Ndungu said abandonment was uncommon when
the twins, who have since been adopted by a Delaware family, were delivered. It
is troubling that the trend has grown, and according to Ndungu's group, has
reached crisis proportions in his home country.

When Ndungu got into ministering and
evangelism at 17, the pastor, now 43, said he never envisioned his current
life's path.

"It's been a progression of one thing to
another," he said. "It's not like I thought I'd do this. I just kept growing and
growing into it."

And when he saw the plight of street
children, the need to save them became even more apparent. As did his life's
purpose.

"Some children are adopted into the
streets," Ndungu said, and invariably led into lives of crime and often
substance abuse.

Since taking in the twins, Happy Life
Children's Home has grown slowly and carefully.

With the backing of the Heritage
Presbyterian Church in Delaware, the orphanage has become registered as a
nonprofit in the United States.

In Kenya, it is registered under Ndungu's
Overcoming Faith Ministries.

In an age when some orphanages have been
accused of being little more than baby mills, Happy Life Children's Home tries
to dispel that notion.

The home takes in mostly abandoned babies
with no known family. The first priority is to adopt children to Kenyan
families, for whom the cost is about 10 to 20 percent of foreign adoptions.
While about 85 percent of the early babies taken in by Happy Life were adopted
internationally, now Ndungu says 80 percent have homes in Kenya.

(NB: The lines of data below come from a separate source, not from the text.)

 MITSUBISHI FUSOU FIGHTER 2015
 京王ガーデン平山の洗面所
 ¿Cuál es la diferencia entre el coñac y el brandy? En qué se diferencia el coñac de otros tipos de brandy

Ndungu says to prevent child trafficking,
the Kenyan government requires adoptive parents to spend six months in Kenya
prior to adoption and the process can take a year or more. The cost, he said,
ranges between $7,000 and $12,000, depending on where the adoptive family
chooses to live.

Happy Life has adopted out 25 children and
more than 40 are in the process.

Not all children will be adopted, and
Ndungu says Happy Life is now housing older children in an arrangement akin to
foster living, with schooling. The church oversees both.

Ndungu says his church does what it can to
make the operation self-sustaining, but still needs considerable donations.

"Even with all the challenges we go
through, it's rewarding and quite encouraging for us," Ndungu says.

That's especially true when he catches up
with children such as the twin boys, who are now 10 and thriving, according to
Ndungu.

On Sunday, he said his message will be
simple.

"I try to open eyes to see from a global
point of view," Ndungu says.

Ndungu says the Christian belief of
treating one's neighbor as oneself isn't just a local concept.

"Sometimes he might not be next door, he
may be in China or somewhere else," Ndungu says.